Exceptions to the rule that confessions of an accused may be given in evidence against him and incompetent against his co-accused:

a) When several accused are tried together, confession made by one of them during the trial implicating the others is evidence against the latter (People vs. Impit Gumaling, 61 Phil. 165);

It is true that under the rule, statements made by a conspirator against a co-conspirator are admissible only when made during the existence of the conspiracy. However, as the Court ruled in People v. Buntag, if the declarant repeats the statement in court, his extrajudicial confession becomes a judicial admission, making the testimony admissible as to both conspirators. (People vs. Janjalani, G.R. No. 188314, January 10, 2011)

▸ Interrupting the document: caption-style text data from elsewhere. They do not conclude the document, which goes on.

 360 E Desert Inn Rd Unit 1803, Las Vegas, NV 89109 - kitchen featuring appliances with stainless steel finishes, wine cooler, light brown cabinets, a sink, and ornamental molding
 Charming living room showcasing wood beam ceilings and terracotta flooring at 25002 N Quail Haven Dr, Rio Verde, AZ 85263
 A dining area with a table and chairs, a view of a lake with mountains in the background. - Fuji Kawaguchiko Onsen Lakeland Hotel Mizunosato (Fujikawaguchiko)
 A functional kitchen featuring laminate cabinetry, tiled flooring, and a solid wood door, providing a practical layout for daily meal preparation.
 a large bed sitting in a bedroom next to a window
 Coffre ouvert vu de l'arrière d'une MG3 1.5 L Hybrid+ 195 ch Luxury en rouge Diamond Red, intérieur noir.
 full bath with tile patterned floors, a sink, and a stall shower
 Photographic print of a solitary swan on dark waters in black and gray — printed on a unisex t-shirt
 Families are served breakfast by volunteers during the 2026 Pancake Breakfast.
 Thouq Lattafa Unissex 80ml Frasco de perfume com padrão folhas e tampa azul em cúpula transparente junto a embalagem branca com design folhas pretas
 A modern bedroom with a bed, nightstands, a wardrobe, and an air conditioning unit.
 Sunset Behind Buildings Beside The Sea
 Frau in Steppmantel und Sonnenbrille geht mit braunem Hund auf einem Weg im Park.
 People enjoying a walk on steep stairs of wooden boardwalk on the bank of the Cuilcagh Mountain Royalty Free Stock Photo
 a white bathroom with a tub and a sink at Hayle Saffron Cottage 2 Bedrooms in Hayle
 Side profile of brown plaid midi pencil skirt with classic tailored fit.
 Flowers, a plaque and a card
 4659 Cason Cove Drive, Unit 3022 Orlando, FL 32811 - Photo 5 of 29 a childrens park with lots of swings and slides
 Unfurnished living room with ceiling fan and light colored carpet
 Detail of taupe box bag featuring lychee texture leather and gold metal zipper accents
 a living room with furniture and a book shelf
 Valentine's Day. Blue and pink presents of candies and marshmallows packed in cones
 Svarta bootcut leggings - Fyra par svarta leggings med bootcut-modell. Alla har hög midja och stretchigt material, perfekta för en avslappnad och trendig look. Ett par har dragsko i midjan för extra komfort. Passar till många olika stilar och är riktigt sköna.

b) When one of the defendants is discharged from the information and testifies as a witness for the prosecution, the confession made in the course of his testimony is admissible against his co-defendants, if corroborated by indisputable proof (People vs. Bautista,40 Phil. 389);

c) If a defendant after having been apprised of the confession of his co-defendant ratifies or confirms said confession, the same is admissible against him (People vs. Orenciada and Cenita,47 Phil. 970);

d) Interlocking confessions – Where several extra-judicial confession had been made by several persons charged with an offense and there could have been no collusion with reference to said several confessions, the fact that the statements therein are in all material respects identical, is confirmatory of the confession of the co-defendant, and is admissible against his other co-defendants (People vs. Badilla, 48 Phil. 718);

e) A statement made by one defendant after his arrest, in the presence of his co-defendant, confessing his guilt and implicating his co-defendant who failed to contradict or deny it, is admissible against his codefendant (22 CJS 1441);

f) When the confession is of a conspirator and made after conspiracy in furtherance of its object, the same is admissible against his co-conspirator; and

g) The confession of one conspirator made after the termination of a conspiracy is admissible against his co-conspirator if made in his presence and assented to by him, or admitted its truth or failed to contradict or deny it (Wharton on Evidence).


Cases:
People v. Yip Wai Ming(1996)

Any confession, including a re-enactment, without admonition of the right to silence and to counsel,
and without counsel chosen by the accused is inadmissible in evidence.

People v. Sarmiento, 147 SCRA 252 (1987) 

A confession, to be admissible, must have been executed in the presence of counsel. Waiver of right to counsel must be with the assistance of counsel.


People v. Marra, 236 SCRA 565 (1994) 

Where the confession was made even before the accused was under custodial investigation, it is admissible even if he was not assisted by counsel. Custodial investigation involves any questioning initiated by law enforcement officers after a person has been taken into custody or otherwise deprived of his freedom of action in any significant way. Only after the investigation ceases to be a general inquiry into an unsolved crime and begins to focus on a particular suspect, the suspect is taken into custody, and the police carries out a process of interrogations that lends itself to eliciting incriminating statements that the accused is said to be under custodial investigation.


People v. Sumayo, 70 SCRA 488 (1976) 

Where the extra-judicial confessions of the accused are consistent in many material details and manifest amazing consistency and accuracy in the narration of events and of facts which could not have been known to the police investigators if the same were not voluntarily given by the accused, such statements are admissible against the accused on the doctrine of interlocking confessions.